Hari’s reaction to the first allegations in July 2011 was a denial of any fault, moral or journalistic. Since then, as revelations tumbled out in a steady flow, his admissions took the form of a series of grudging apologies followed by self-justification and blame.
He became renowned for his interviews with celebrities. But, undetected until last June, much of the material attributed to the interviewee was lifted from previous interviews or books, and presented as original. This was, Hari innocently claimed, just making clearer what the interviewee either should have said, or had once said. Until found out, this made Hari seem like a top-ranking journalist, and a major attraction for the readers of the Independent.
In 2008 he won the Orwell Prize, a plaque and £2000. In September, Hari announced that he was returning the plaque (but not the money), even though he stood by the prize-winning article on an atrocity in the Central African Republic. The Orwell Prize committee had already decided to cancel the award in the light of revelations of Hari’s sub-standard reporting.
Exercise of Malice and Dishonesty
Another of Hari’s “stupidities” was the use of a “sock-puppet”, a fictional writer named David Rose who posed as Hari’s defender. Using Wikipedia, a popular Internet site, he wrote abusive and malicious pieces about his critics, while praising his own work to the skies. Wikipedia allows people to insert written material anonymously, and Hari used this to wage a nasty campaign against his critics and ideological enemies. This activity had been routine for years, and one target of his venom was Christina Odone, whom he accused of homophobia, anti-semitism and having been sacked by the Catholic Herald, all of which were untrue but damaging smears.
On September 15, Hari published a kind of apology in the Independent, acknowledging “two wrong and stupid things” but went on to blame “the powerful people I had taken on over the years”. This failed to satisfy his peers in the media. For instance, the secular and leftwing David Allen Green in the New Statesman wrote: “the terms of the apology do not really approximate to what was actually done. Something very wrong happened, over a significant amount of time, involving a systemic exercise of malice and dishonesty”. As for bosses of the Independent, after castigating other papers for secrecy and evasion, especially over the hacking scandal, the decision to “re-cycle” Hari instead of sacking him and to keep Whittam Smith’s internal investigation under wraps suggest a less than exacting search for truth and more of a whitewash.
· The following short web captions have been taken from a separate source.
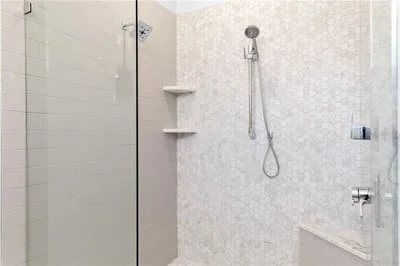 Walk-in shower with marble tile, frameless glass door, chrome fixtures, and built-in shelves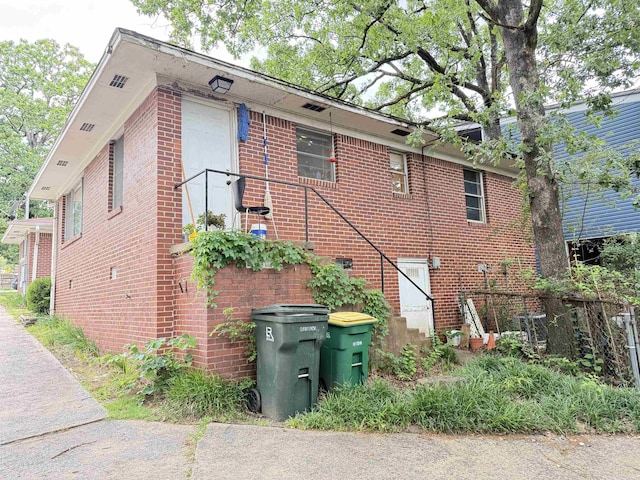 215217 N Pierce St, Little Rock, AR 72205 - view of property exterior with brick siding and fence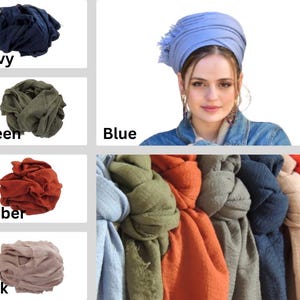 May include: A selection of colourful head wraps and scarves. Colours include navy, green, amber, and pink. A woman is wearing a blue head wrap. The image also shows a collection of scarves in various colours.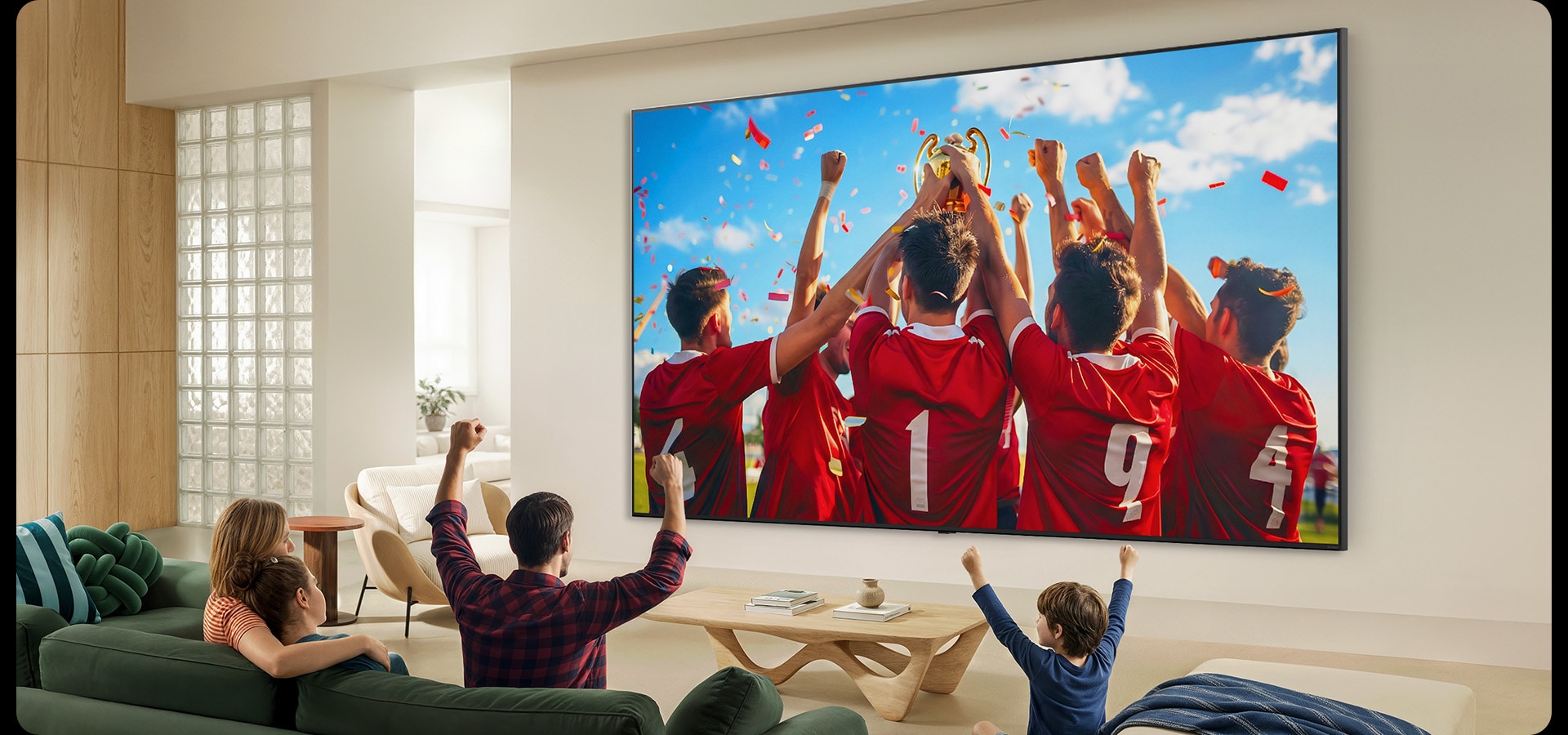 LG QNED evo AI QNED85 Mini LED Ultra Big TV е монтиран на стената в хола и излъчва празненствата по повод спортна победа.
The contrast with America is striking. Back in 2003, when Jayson Blair got fired from the New York Times for fabricating stories of foreign events in his apartment, and pretending to have had face to face encounters with real people, the NYT’s editor wrote a long piece lamenting “a profound betrayal of trust…. and deception”. In Hari’s case, he wasn’t sacked and the newspaper’s chiefs just tut-tutted in a short note in September last year, and put him on gardener’s leave.
Hari has promised to take unpaid absence from his job until 2012, and to follow a course in journalism. This proposal has caused cynical hilarity. Without doubt, Hari is an accomplished journalist; what he lacks is moral integrity. He needs to follow a course of ethics, or, better still, go to confession.